Le cas le plus répandu est une pratique d'intégration défectueuse.
Imaginez son premier jour où personne n'était présent pour
l'accueillir. Il n'a pas été formellement présenté
à son équipe, ou a du passer deux jours à lire des documents
inintéressants. Il n'a pas été réellement assimilé
par son entreprise. Son intégration lui a montré qu'il n'était
qu'un numéro parmi d'autres et que sa hiérarchie ne s'intéresse
pas du tout à son cas.
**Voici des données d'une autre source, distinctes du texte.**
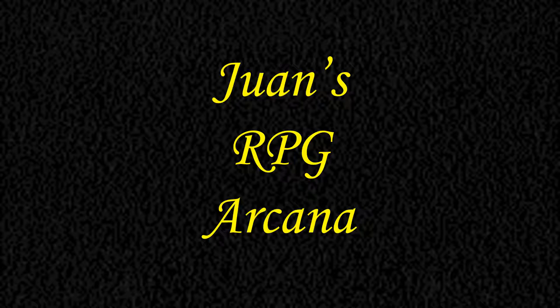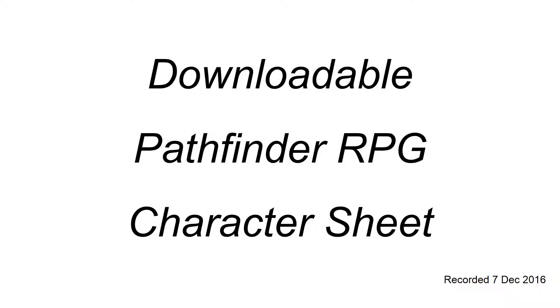This is WAN's RPG Arcana and today we're going to be talking about a downloadable blank character sheet for the Pathfinder role-playing game.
Mais ce sentiment peut provenir d'autres éléments
: la fiche de paie est toujours fausse, l'ordinateur est un Pentium 3 de 2003,
les cartes de visite ne sont jamais arrivées, etc.
Action à mettre en uvre
Concentrez vous sur les 90 à 120 premiers jours de l'emploi. Formez
l'encadrement, l'intégration doit être une fête. Plutôt
que de faire un pot célébrant le départ d'un estimé
collègue et faisant perdre son temps à tout le monde, mieux vaudrait
parler de "pot d'arrivée" qui serait, lui, un investissement.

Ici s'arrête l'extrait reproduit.